(Given records)

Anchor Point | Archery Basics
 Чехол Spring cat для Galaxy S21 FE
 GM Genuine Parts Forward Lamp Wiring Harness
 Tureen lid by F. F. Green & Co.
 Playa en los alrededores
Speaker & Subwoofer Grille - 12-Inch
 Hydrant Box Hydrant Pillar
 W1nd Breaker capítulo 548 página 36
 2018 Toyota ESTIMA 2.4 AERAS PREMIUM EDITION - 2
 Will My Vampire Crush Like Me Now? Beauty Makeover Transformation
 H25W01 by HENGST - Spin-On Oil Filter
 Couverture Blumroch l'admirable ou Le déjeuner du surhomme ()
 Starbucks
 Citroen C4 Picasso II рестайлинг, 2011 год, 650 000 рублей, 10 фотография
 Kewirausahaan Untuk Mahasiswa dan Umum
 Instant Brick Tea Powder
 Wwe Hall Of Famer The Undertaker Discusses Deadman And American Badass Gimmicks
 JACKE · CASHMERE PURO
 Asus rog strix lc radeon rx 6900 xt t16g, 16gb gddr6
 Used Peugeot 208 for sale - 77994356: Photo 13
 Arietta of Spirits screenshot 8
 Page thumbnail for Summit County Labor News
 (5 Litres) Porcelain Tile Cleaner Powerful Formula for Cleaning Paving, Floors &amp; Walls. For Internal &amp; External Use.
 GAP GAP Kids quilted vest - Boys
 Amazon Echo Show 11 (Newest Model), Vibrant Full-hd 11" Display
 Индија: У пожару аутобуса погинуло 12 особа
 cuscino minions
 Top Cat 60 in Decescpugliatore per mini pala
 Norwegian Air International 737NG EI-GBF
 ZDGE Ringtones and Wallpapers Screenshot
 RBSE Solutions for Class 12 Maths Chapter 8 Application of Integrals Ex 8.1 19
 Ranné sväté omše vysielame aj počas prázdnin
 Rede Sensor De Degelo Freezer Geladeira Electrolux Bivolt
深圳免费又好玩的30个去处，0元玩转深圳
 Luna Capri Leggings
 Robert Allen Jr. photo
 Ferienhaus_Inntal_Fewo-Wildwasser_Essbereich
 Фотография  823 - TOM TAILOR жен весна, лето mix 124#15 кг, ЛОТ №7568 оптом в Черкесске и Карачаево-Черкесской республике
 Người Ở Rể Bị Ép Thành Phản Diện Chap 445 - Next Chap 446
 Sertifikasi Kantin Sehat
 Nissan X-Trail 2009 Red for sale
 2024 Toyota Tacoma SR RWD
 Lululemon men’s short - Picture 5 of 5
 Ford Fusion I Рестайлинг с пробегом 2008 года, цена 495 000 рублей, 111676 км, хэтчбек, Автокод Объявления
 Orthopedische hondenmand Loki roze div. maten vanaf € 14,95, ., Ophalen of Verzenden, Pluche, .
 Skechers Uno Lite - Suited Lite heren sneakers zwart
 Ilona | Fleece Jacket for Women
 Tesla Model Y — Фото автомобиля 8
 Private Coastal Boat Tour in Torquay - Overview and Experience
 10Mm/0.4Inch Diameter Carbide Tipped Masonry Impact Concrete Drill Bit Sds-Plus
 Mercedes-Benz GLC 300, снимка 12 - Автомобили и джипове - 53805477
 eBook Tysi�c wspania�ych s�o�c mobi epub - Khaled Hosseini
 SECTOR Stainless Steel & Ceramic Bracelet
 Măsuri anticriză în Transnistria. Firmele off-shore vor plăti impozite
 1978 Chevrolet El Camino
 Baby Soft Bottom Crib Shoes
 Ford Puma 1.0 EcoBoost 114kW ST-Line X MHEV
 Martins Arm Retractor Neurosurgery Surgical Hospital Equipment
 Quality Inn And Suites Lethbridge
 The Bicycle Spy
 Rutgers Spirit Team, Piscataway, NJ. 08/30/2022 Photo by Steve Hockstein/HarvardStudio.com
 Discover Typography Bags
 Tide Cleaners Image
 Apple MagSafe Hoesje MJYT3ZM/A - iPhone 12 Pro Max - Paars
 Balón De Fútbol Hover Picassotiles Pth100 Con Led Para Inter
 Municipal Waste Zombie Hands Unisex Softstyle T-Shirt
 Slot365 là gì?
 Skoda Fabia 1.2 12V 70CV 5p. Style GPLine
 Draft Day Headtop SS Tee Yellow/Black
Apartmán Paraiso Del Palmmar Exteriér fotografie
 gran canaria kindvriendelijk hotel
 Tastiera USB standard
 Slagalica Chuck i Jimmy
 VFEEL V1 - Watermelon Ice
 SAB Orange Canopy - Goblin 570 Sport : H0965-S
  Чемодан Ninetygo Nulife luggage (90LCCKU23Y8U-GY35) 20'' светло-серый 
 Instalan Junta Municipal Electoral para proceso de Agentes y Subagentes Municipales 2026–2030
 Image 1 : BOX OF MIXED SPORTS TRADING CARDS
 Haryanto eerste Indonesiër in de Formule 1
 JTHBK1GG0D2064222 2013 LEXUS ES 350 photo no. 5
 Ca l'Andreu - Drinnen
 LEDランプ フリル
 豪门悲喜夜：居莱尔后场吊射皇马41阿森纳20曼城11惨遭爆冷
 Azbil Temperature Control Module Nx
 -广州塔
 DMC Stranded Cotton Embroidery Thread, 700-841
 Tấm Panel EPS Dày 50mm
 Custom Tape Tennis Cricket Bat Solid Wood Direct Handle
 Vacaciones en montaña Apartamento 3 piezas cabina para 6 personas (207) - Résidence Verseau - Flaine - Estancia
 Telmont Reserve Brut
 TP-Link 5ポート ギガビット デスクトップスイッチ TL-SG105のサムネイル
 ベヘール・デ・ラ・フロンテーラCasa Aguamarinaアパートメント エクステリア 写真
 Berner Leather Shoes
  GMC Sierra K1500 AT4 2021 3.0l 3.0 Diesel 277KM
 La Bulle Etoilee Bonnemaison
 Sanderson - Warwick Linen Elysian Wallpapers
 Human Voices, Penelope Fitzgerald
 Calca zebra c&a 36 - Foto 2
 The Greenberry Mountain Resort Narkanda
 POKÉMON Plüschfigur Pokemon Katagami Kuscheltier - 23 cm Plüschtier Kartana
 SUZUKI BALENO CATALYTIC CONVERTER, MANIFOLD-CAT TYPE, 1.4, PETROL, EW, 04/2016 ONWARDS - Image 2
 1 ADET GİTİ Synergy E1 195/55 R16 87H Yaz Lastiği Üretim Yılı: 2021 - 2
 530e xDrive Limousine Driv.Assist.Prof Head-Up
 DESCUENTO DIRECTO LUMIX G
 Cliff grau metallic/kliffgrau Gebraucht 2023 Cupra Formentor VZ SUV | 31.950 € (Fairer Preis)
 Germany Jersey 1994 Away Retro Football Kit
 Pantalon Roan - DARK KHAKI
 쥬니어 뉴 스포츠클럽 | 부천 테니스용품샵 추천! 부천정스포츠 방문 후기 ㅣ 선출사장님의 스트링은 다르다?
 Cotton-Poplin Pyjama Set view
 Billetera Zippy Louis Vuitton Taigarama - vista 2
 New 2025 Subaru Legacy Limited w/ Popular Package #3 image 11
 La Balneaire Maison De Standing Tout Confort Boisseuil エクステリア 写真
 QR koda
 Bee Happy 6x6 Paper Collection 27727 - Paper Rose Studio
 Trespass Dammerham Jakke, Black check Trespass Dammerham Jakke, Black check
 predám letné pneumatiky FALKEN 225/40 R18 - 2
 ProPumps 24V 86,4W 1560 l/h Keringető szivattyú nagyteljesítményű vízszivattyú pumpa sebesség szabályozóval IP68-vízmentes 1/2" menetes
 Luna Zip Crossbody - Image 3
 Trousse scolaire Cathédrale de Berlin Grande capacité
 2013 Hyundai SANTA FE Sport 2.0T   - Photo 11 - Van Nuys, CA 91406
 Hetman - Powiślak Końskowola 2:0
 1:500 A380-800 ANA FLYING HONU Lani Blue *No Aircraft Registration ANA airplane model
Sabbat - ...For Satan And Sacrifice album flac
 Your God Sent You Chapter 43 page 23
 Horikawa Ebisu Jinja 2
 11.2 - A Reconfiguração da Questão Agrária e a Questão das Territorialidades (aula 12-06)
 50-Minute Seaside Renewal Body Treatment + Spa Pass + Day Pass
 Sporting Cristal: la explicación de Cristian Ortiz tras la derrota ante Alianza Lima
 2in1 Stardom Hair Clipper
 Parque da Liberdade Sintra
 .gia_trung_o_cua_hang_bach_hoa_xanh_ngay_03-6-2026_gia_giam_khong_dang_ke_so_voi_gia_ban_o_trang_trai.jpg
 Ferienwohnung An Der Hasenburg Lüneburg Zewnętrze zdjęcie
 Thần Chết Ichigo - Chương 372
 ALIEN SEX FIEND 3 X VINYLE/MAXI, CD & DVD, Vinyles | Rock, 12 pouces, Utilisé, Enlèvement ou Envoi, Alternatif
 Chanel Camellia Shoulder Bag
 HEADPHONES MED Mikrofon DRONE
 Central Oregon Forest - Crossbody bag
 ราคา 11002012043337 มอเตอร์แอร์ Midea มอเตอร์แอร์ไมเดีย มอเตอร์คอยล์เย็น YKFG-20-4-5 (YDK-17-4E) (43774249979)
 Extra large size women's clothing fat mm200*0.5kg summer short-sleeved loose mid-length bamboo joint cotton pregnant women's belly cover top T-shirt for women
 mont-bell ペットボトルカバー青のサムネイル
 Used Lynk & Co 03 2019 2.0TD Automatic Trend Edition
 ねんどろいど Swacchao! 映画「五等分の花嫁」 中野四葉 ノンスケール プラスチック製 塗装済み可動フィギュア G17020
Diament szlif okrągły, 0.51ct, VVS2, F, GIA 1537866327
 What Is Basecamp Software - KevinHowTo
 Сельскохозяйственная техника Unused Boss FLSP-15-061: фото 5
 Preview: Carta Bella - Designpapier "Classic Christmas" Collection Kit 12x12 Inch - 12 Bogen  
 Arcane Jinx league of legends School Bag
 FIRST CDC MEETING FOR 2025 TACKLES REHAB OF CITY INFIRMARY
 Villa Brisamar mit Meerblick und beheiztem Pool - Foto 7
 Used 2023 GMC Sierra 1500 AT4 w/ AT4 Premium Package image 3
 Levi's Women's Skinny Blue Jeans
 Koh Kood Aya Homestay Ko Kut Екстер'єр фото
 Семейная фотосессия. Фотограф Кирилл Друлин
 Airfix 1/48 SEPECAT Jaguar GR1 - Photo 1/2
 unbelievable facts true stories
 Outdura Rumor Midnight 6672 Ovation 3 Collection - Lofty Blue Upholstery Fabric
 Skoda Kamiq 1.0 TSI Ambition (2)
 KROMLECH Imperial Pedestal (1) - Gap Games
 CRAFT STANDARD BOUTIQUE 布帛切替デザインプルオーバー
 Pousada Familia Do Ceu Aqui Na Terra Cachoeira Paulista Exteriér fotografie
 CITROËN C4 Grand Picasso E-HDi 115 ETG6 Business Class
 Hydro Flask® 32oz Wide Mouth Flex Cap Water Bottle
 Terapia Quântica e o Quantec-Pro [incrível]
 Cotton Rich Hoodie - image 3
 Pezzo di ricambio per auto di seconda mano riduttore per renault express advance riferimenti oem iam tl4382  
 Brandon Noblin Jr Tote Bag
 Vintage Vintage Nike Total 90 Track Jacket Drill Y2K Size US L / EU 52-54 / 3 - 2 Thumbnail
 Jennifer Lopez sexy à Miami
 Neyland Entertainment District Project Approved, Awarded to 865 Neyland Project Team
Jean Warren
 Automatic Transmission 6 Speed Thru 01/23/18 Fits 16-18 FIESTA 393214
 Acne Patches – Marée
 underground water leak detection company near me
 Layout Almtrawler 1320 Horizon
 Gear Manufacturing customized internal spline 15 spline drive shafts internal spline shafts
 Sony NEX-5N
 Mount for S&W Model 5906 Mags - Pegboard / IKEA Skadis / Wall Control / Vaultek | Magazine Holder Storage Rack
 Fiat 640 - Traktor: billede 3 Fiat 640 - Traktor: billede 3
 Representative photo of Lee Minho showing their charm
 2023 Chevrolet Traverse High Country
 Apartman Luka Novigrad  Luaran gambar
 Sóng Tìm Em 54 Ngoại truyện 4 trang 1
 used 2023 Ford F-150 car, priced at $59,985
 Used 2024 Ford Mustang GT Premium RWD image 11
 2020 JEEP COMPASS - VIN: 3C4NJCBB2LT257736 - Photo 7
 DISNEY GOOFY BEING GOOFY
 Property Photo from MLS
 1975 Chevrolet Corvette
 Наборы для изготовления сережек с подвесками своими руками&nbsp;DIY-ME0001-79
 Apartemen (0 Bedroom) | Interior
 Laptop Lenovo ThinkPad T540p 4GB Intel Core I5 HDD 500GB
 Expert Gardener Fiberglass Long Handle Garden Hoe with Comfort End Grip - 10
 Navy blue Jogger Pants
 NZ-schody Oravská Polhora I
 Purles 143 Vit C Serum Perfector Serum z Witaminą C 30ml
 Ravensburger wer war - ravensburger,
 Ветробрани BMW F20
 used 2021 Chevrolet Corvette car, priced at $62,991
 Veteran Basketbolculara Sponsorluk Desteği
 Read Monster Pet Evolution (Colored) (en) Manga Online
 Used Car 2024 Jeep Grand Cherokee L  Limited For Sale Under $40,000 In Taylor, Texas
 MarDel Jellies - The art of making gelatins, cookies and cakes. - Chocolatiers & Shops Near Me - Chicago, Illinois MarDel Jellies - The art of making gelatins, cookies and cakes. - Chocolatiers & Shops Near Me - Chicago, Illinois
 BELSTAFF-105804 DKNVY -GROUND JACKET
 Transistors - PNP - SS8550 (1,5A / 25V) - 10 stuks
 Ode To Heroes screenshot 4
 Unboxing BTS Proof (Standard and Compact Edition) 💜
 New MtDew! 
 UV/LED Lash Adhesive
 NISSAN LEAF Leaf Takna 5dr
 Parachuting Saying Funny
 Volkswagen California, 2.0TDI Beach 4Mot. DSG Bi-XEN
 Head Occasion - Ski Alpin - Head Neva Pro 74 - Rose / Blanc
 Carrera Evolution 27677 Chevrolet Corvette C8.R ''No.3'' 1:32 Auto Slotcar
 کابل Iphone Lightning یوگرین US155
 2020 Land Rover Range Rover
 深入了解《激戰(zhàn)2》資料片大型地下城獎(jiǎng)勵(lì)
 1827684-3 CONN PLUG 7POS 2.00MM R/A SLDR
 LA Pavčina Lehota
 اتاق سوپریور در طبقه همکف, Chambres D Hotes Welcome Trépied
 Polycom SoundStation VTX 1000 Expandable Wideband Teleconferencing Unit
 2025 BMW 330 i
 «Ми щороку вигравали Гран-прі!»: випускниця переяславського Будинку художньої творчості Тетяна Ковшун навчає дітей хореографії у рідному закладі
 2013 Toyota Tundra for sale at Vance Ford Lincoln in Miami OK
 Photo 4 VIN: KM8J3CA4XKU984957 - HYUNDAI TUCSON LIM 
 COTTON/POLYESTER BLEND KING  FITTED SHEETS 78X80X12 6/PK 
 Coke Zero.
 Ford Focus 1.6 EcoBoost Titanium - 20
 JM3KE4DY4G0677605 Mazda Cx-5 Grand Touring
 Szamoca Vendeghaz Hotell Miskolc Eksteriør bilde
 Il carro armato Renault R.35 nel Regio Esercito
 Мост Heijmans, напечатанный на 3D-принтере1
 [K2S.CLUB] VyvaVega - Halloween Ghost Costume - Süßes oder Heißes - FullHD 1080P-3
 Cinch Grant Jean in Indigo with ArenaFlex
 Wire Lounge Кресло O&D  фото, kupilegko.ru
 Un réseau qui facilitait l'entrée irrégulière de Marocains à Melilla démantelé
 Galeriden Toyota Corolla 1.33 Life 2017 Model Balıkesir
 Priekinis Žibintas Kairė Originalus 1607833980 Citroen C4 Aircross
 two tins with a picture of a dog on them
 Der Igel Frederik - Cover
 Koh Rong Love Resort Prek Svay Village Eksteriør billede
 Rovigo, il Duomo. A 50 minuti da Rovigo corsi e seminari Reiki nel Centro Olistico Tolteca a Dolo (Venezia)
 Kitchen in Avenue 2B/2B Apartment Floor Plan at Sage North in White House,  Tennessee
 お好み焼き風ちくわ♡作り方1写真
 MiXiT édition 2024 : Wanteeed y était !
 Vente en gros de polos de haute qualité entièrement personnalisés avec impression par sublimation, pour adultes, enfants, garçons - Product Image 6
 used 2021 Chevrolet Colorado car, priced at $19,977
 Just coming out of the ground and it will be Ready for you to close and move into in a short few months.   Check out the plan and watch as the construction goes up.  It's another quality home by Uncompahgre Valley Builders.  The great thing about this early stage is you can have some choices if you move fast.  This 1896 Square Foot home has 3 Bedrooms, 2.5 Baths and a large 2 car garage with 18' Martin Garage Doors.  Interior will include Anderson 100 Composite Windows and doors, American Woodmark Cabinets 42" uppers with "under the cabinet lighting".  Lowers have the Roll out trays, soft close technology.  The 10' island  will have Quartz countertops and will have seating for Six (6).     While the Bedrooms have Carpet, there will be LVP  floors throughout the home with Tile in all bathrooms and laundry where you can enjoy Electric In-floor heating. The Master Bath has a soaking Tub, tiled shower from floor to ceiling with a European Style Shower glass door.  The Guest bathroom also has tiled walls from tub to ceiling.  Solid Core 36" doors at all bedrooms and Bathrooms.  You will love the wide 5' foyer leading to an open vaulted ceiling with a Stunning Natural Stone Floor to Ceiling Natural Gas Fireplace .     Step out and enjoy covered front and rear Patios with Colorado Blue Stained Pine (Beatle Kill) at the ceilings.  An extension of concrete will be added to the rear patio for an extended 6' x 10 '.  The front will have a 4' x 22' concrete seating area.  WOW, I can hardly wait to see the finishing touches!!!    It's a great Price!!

(End Given records)

## Requirement:
Your answer should be all lines from the data that contain "Team".

## The completed task:
 Rutgers Spirit Team, Piscataway, NJ. 08/30/2022 Photo by Steve Hockstein/HarvardStudio.com
 Neyland Entertainment District Project Approved, Awarded to 865 Neyland Project Team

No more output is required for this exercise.